Existen más de cien tipos de neuropatía periférica, y cada uno de ellos tiene sus propias características, desarrollo y pronóstico. Puede afectar a los nervios motores, que controlan los movimientos, los nervios sensoriales que transmiten la información recibida a través de los sentidos y los nervios autonómicos, que regulan actividades automáticas de nuestro cuerpo como la digestión, la respiración o el latido del corazón.
No se pueden establecer unas causas claras de esta dolencia, aunque sin duda la diabetes está presente en la mayoría de los casos, por lo que esta enfermedad es un gran factor de riesgo.
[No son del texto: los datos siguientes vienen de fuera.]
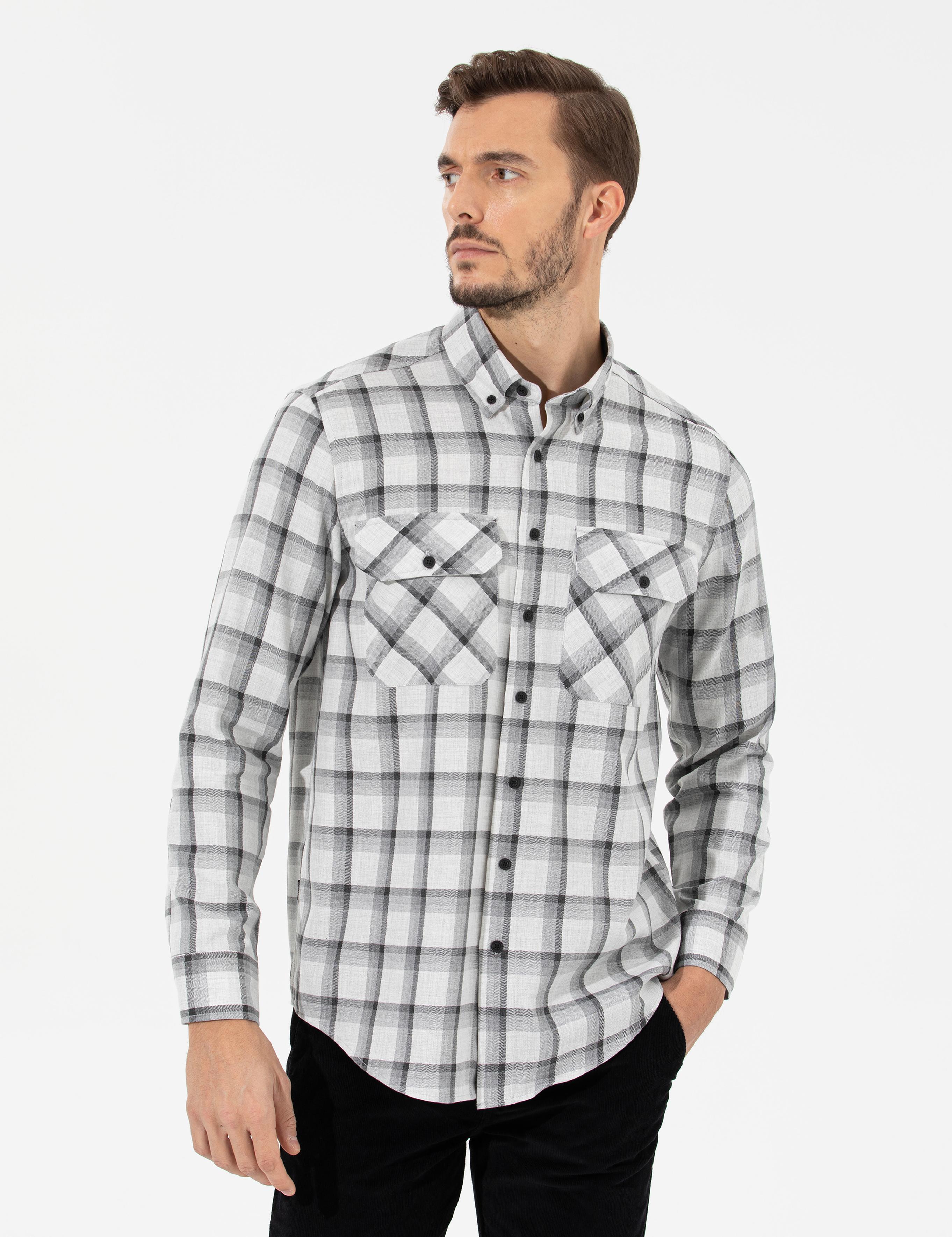 Gri Comfort Fit Uzun Kollu Gömlek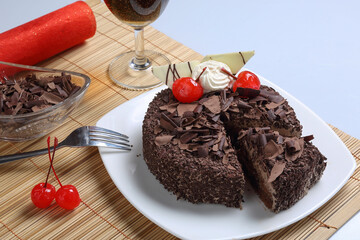 chocolate cake with cherries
También puede aparecer asociada a enfermedades renales crónicas, artritis reumatoide, lupus, etc.
Los síntomas de la enfermedad incluyen adormecimiento de las articulaciones, dolor, hinchazón y debilidad muscular en diferentes zonas del cuerpo. Lo habitual es que comience en las manos o en los pies y con el tiempo se vaya extendiendo al resto del organismo.
El tratamiento incluye el de la dolencia que ha dado origen a la neuropatía, como es el caso de la diabetes. También se debe abandonar el consumo de alcohol, mejorar la alimentación para aumentar el nivel de vitaminas en nuestro. Para el dolor asociado con la enfermedad el médico recetará analgésicos y en también se deriva a los pacientes a psicoterapia para que aprendan a hacer frente al dolor.